SED navigation bar go to SED home page go to Dataplot home page go to NIST home page SED Home Page SED Contacts SED Projects SED Products and Publications Search SED Pages
Dataplot Vol 1 Auxiliary Chapter

BEST CP

Name:
    BEST CP
Type:
    Analysis Command
Purpose:
    Performs a best CP analysis.
Description:
    In multilinear regression, a common task is to determine the "best" set of independent variables to use in the fit. There are three basic approaches to this problem:

    1. Perform all regressions and pick the best candidate models from this list. This is called "all subsets" regression.
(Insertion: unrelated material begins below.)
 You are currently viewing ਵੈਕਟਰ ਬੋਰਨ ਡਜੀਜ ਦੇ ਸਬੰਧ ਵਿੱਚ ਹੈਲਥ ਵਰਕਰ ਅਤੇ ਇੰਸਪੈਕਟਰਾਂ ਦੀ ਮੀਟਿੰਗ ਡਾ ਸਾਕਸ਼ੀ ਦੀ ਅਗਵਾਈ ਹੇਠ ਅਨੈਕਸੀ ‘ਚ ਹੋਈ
    2. Start with the independent variable that provides the best fit for models containing only one independent variable. Then at each step, add one more independent variable from the remaining variables that provides the most improvement in the fit. Continue until adding an additional variable results in no significant improvement in the model. This is called "forward stepwise" regression.

    3. "Backward stepwise" regression is similar to forward stepwise regression. However, instead of starting with one independent variable and adding one at each stage, the initial model contains all the independent variable. Then one variable is deleted at each stage until the best model is reached.

    There can be some variations in the above approaches. For example,

    1. Different critierion have been proposed for deciding which variable to add/delete at a given step in forward/backward stepwise regression.

    2. Different criterion have been proposed for deciding when to quit adding/deleting variables in forward/backward stepwise regression.

    3. Some algorithms allow an entered variable to be removed at a later step.

    The choice of these critierion is complicated by the fact that adding additional variables will always increase the R2 of the fit (or at least not decrease it). However, including too many variables increases multicolinearity which results in numerically unstable models (i.e., you are essentially fitting noise). In addition, the model becomes more complex than it needs to be. A number of critierion have been proposed that attempt to balance maximizing the fit while trying to protect against overfitting.

    All subsets regression is the preferred algorithm in that it examines all models. However, it can be computationally impractical to perform all subsets regression when the number of independent variables becomes large. The primary disadvantage of forward/backward stepwise regression is that it may miss good candidate models. Also, they pick a single model rather than a list of good candidate models that can be examined closer.

    Dataplot addresses this issue with the BEST CP command. This is based on the following:

    1. It implements the "leaps and bounds" algorithm of Furnival and Wilson (see reference below). This algorithm is a compromise between all subsets regression and forward/backward stepwise regression. It provides an efficient algorithm for identifying the best candidate models without actually computing all possible models. It thus provides the advantage of all subset regressions (i.e., all potential models are included) while remaining computationally practical for a large number of indpendent variables.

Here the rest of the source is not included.